Les abolitionnistes, par les motifs les plus élevés, formaient les mêmes vœux que les radicaux ; longtemps ils n’avaient songé à employer à l’œuvre de l’affranchissement que des moyens moraux, mais quand ils eurent compris combien leurs principes pourraient gagner à l’application des lois nouvelles, ils se mêlèrent avec ardeur à la lutte des partis. C’étaient les abolitionnistes qui, par des livres émus et éloquents, avaient dévoilé les hontes et les misères de l’esclavage ; ils avaient facilement réussi à en inspirer l’horreur ; du moment qu’ils placèrent leur étendard auprès de celui des intérêts du Nord, ils rallièrent à leur suite tous les esprits généreux qu’enflammait l’espoir de l’affranchissement d’une race infortunée.

La question de l’esclavage, bien autrement facile à comprendre que celles des droits réels ou supposés des États, et de leurs rapports avec le gouvernement fédéral, prima bientôt, à l’étranger, toutes les autres ; de loin, on ne vit plus que celle-là.
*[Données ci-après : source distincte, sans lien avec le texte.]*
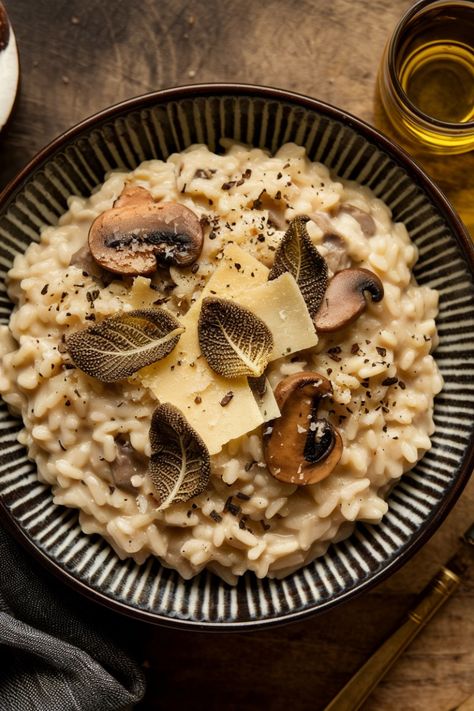 Indulge in a rich and decadent meal with this Truffle-Infused Mushroom Risotto topped with Crispy Sage. Perfect for special occasions or a cozy dinner at home, this gourmet dish combines earthy mushrooms, fragrant truffle oil, and the satisfying crunch of fried sage. Made with simple, wholesome ingredients, this recipe will elevate your dining experience. Save this pin to create a restaurant-quality dish right in your kitchen! #GourmetCooking #MushroomRisotto #TruffleLovers Fried Sage, Mushroom Risotto, Truffle Oil, Cozy Dinner, Gourmet Cooking, Dinner At Home, Mushroom Recipes, Dining Experience, Truffles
L’Europe s’émut, elle crut à la résurrection d’une croisade sainte et, flétrissant du même nom d’esclavagistes tous ceux que des motifs divers tenaient en dehors du courant auquel elle s’abandonnait, elle n’eut plus de vœux que pour l’abolition.

Cette esquisse rapide aura-t-elle suffi à faire comprendre la situation ? Nous osons à peine l’espérer.

La lettre suivante du colonel Lee témoignera de l’état des esprits en 1856.

« Fort Brown, Texas, décembre 1856.

« Le steamer nous a apporté le Message du Président[3].… Ainsi nous voici convaincus que le gouvernement est établi et que l’Union vit encore.

« Le Message m’a beaucoup plu. Son opinion sur les efforts systématiques et de plus en plus ardents de certaines gens du Nord pour intervenir dans les institutions sociales du Sud, est exprimée avec exactitude et franchise. Les conséquences possibles des projets qu’il signale sont aussi clairement indiquées ; le parti en question doit être averti que son but est illégal, et que l’institution qu’il combat, et dont il n’est en aucune mesure responsable, ne pourrait être abolie par lui qu’au moyen d’une guerre civile et servile tout à la fois. Il n’a ni le droit ni le pouvoir d’agir en faveur de l’abolition autrement que par des moyens moraux.

« Je crois qu’il y a peu d’êtres humains qui, dans ce siècle de lumière et de progrès, ne reconnaissent que l’institution de l’esclavage est, dans toute contrée, un mal politique comme un mal moral. Il n’est pas besoin d’appuyer sur ses inconvénients. Pour moi, je suis convaincu que l’esclavage est un malheur plus grand encore pour la race blanche que pour la race noire.… Mais l’émancipation s’obtiendra mieux par la douce influence de l’Évangile, que par les tempêtes furieuses d’une controverse à coups de canon.… »



  1. Tel fut l’enseignement donné, dès l’établissement de l’Union par ses législateurs. De là, la doctrine connue sous le nom de droits des États, States rights, qui devint la foi politique de tout un parti.
  2. Voici le texte de la ratification par la délégation virginienne de l’acte de Constitution des États-Unis : — Nous, les délégués du peuple de Virginie, duement élus conformément aux vœux de l’Assemblée générale, réunis maintenant en Convention fédérale, nous étant préparés par la discussion la plus approfondie : Au nom et de la part du peuple de Virginie, déclarons et faisons connaître que les pouvoirs concédés par la Constitution émanant des États de l’Union, peuvent être repris par eux à quelque moment que ce soit, dès que, par abus, lesdits pouvoirs seraient employés au préjudice ou à l’oppression des États ; — que tout pouvoir non concédé par les présentes demeure en la possession des États et à leur disposition ; — que, par conséquent, aucun droit de quelque dénomination que ce soit ne peut être annulé, restreint ou modifié par le Congrès, par le Sénat ou par la Chambre des représentants agissant en quelque capacité que ce soit, par le Président ou par aucune administration, etc., etc.…
  3. M. Buchanan, — il venait d’être élu, ses opinions étaient conservatrices, c’est-à-dire qu’il voulait maintenir l’ancienne Constitution et conserver aux États le droit de modifier eux-mêmes leur législation.